Despite the ups and downs of his personal life and professional career-even in the face of deafness-Beethoven remained remarkably consistent in his most basic convictions about his art. This inner consistency, the music historian Mark Evan Bonds argues, provides the key to understanding the composer's life and works. Beethoven approached music as he approached life, weighing whatever occupied him from a variety of perspectives: a melodic idea, a musical genre, a word or phrase, a friend, a lover, a patron, money, politics, religion. His ability to unlock so many possibilities from each helps explain the emotional breadth and richness of his output as a whole, from the heaven-storming Ninth Symphony to the eccentric Eighth, and from the arcane Great Fugue to the crowd-pleasing Wellington's Victory. Beethoven's works, Bonds argues, are a series of variations on his life. The iconic scowl so familiar from later images of the composer is but one of many attitudes he could assume and project through his music. The supposedly characteristic furrowed brow and frown, moreover, came only after his time. Discarding tired myths about the composer, Bonds proposes a new way of listening to Beethoven by hearing his music as an expression of his entire self, not just his scowling self.
This is not exactly a biography of Beethoven, as it is more thematic than linear. Brief, it was very readable and interesting and I learned a lot. I think this book would appeal most to a reader who is already familiar with a substantial number of Beethoven's works or one who is willing to stop and listen to some works as they are discussed.
I found this book very interesting, mostly because I was a piano major in college. I would not recommend if you do not have a deep knowledge of music theory, etc. as it is rather technical.
More essay (113 pages) than a book, enjoyable if you want to learn something about Beethoven without a lot of effort.
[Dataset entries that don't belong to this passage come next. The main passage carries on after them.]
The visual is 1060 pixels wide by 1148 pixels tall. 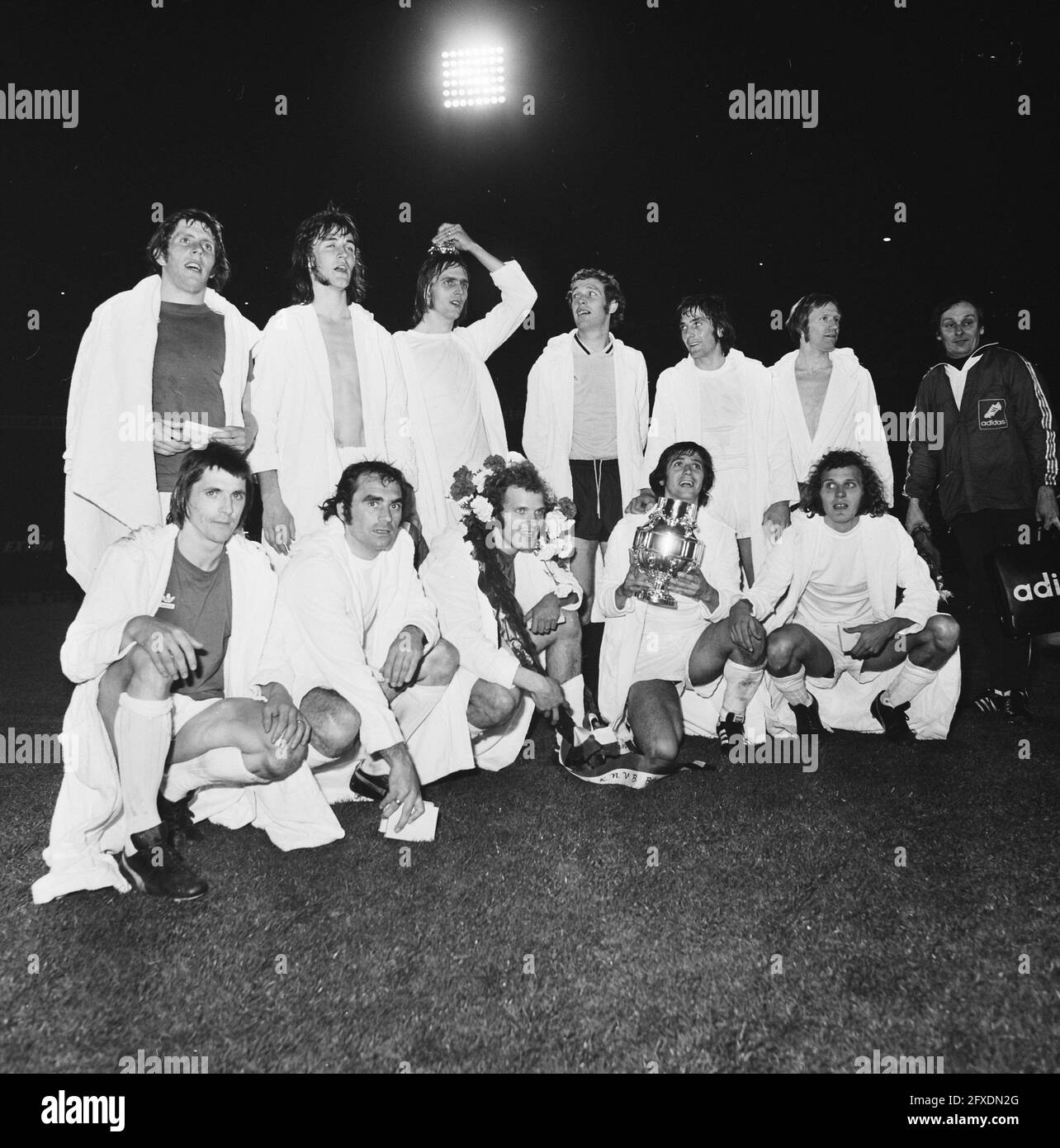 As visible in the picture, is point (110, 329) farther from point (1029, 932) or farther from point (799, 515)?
point (1029, 932)

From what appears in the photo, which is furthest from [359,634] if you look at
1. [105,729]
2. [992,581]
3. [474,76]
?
[474,76]

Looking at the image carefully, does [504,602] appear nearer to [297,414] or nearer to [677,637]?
[677,637]

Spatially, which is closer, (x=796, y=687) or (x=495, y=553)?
(x=495, y=553)

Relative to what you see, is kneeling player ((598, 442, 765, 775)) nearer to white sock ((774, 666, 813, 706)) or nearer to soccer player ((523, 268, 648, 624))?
white sock ((774, 666, 813, 706))

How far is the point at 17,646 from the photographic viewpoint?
7.07 m

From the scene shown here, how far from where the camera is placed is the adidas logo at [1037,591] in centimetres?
404

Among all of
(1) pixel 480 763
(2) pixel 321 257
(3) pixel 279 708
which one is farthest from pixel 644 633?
(2) pixel 321 257

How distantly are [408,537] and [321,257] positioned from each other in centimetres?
142

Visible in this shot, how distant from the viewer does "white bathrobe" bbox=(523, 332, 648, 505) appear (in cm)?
448

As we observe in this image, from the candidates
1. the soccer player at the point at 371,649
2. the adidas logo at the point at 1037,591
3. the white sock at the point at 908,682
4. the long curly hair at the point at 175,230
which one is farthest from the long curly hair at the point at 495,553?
the adidas logo at the point at 1037,591

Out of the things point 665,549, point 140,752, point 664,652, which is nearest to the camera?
point 140,752

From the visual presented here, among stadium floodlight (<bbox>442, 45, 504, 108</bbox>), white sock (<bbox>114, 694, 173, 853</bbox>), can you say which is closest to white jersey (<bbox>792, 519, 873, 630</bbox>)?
white sock (<bbox>114, 694, 173, 853</bbox>)

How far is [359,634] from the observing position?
2.88 meters

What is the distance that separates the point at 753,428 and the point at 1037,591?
1.56m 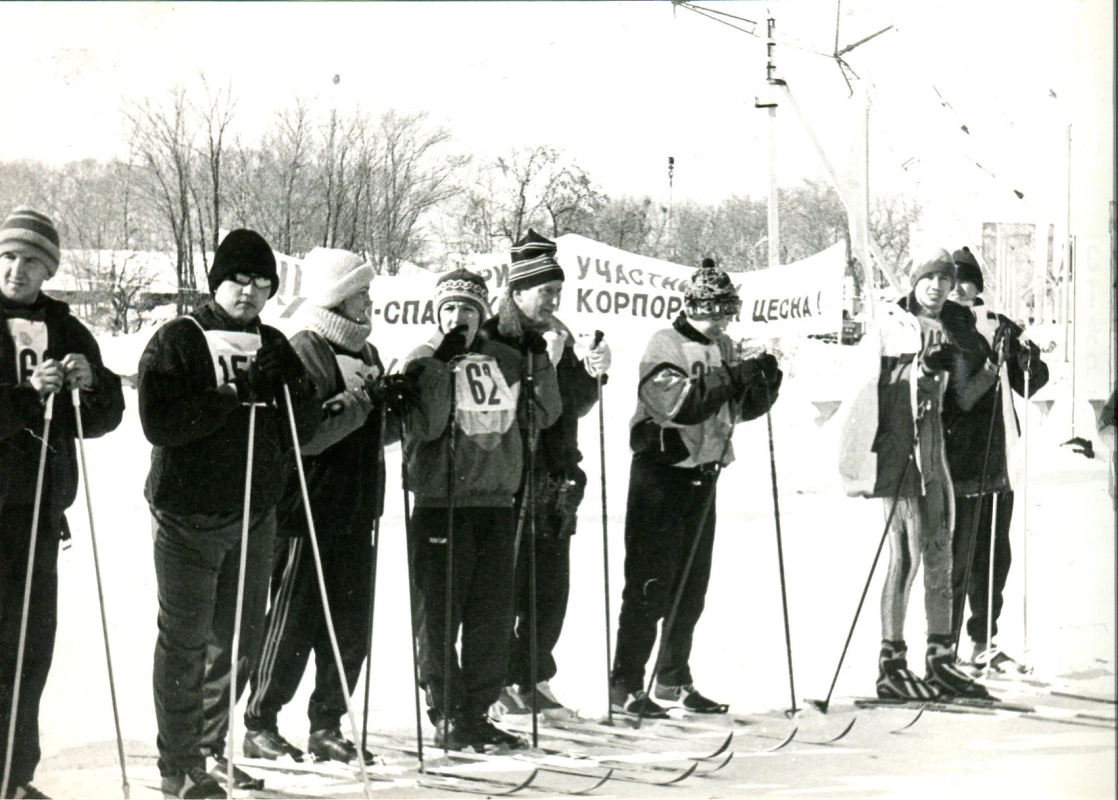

Makes much of “The Scowl,” but, as is often pointed out, things are cliches for a reason. There’s a series online you can find wherein the pianist goes through the Beethoven piano sonatas, plays, analyzes and talks about them. It might be a little technical, but there’s some lovely music and, once again, not a lot of effort and, gosh, won’t your friends be jealous of your newfound intellectual heft! (Don’t ever, ever, ever tell them how much you like Proust. You’ll just piss ‘em off).